A few weeks ago, I posted about my paternal grandmother’s ILGWU card, and how it was a key to dress and social history research as well as personal family genealogy. The post opened up a dialogue among my own family, and those of friends whose forebears also worked in the garment industry in the USA in the last century. This conversation took place virtually, here on Worn Through and on Facebook and via email. I am thrilled that digital communication technology facilitated the sharing of knowledge and memories, and was even more delighted that the post inspired my father to locate a photo that gives a glimpse of my grandmother’s working environment in the 1940s.
My grandmother is the women furthest from the camera, and the woman in the center is her sister, my great-aunt Nancy. I must admit, this is not what I pictured the dress factories of 1940s New York City to look like! I think it looks a lot more domestic than I imagined – which makes me realize that my vision of garment factories is much more influenced by more recent images of large scale industrial production and of sweatshop labour conditions around the globe.
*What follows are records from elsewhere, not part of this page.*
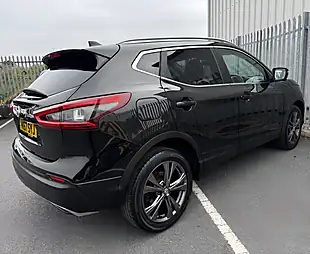 Used 2017 Nissan Qashqai N-Connecta Black - Interior and Exterior details 5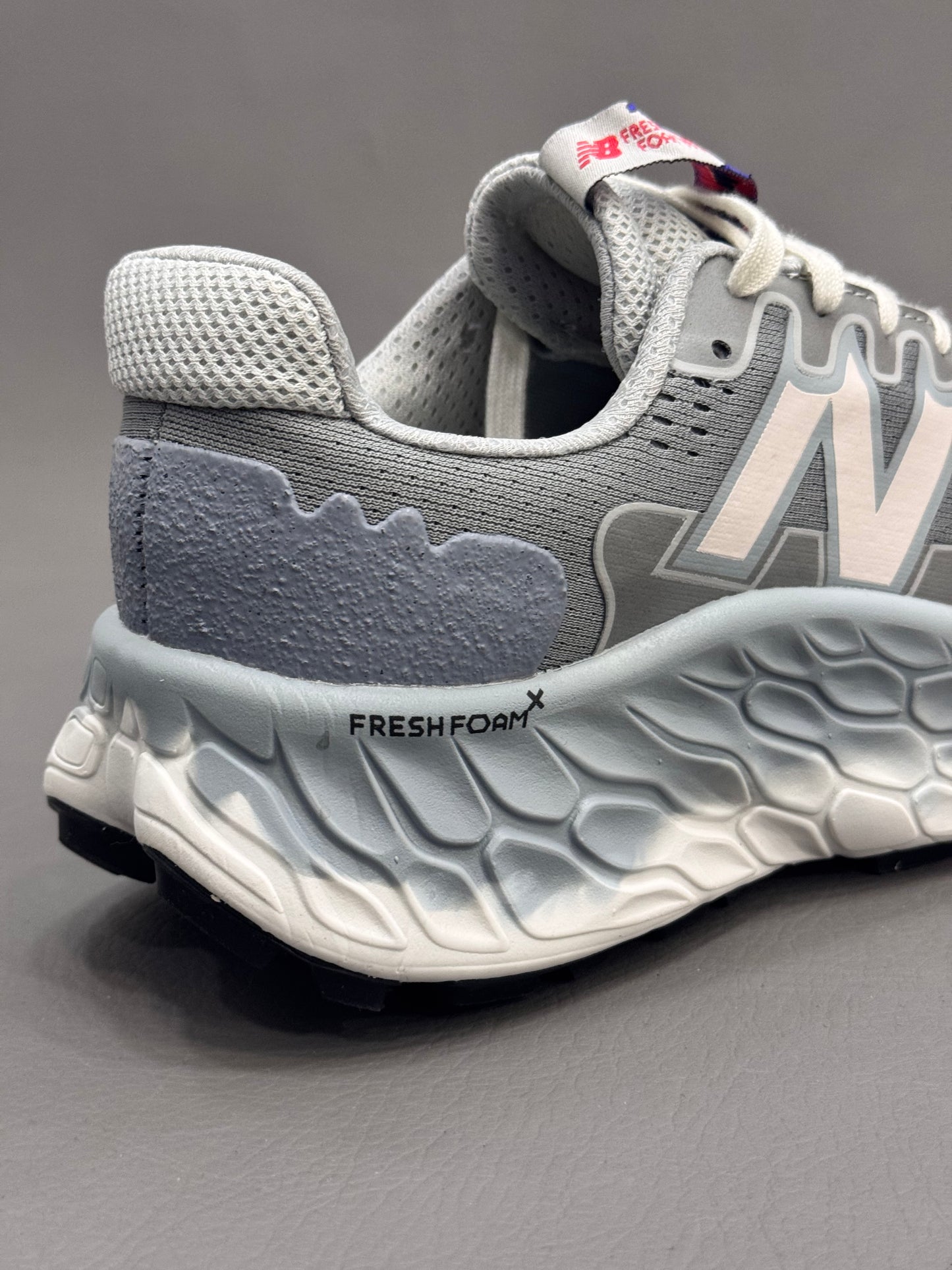 New Balance Fresh Foam More Trail V3
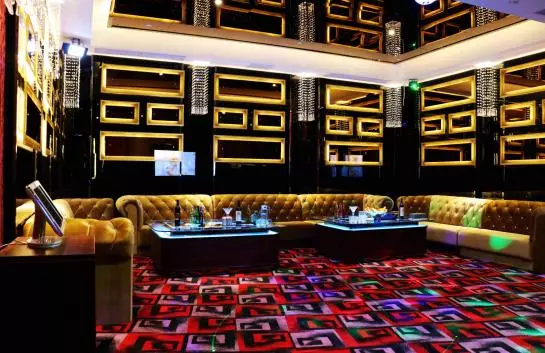 هتل The Grand Plaza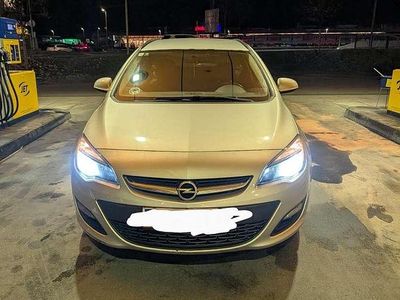 Gebraucht 2015 Opel Astra Edition Kombi | € 7.000 (Etwas zu teuer)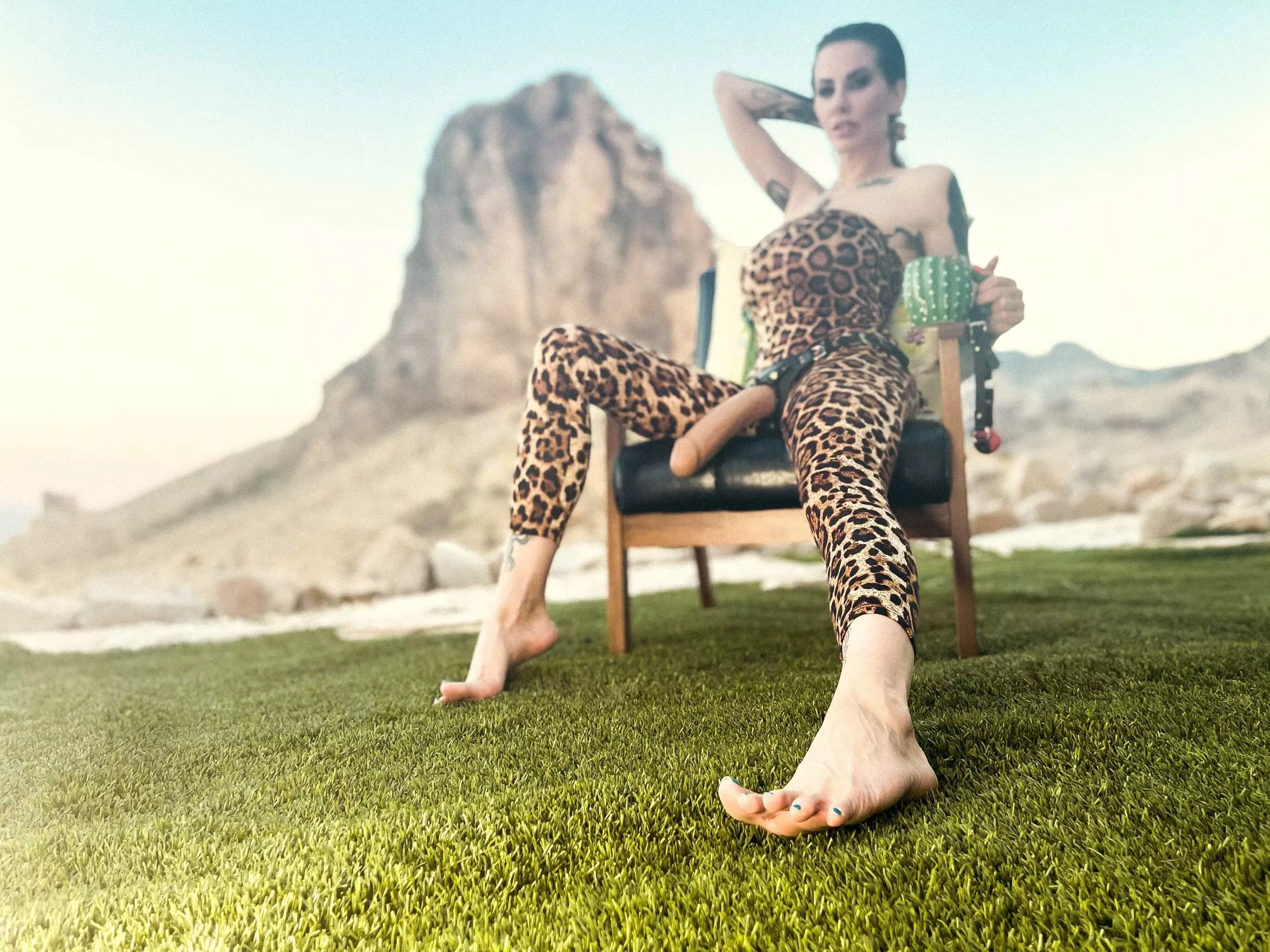 Worship my feet and I will let you eat it! Im into BDSM and I welcome for novice sub! posted by SuperiorMadeline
This photo shows a cramped workplace, but I think it also looks comfortable and like a social work space. Most significantly, I am struck by the worktables facing each other. This may save space, but it also encourages workers to chat – something I am sure garment factories would seek to avoid to increase production!
With this photo comes a vision of a workplace of the past; and a surprising insight into labor conditions for women garment workers.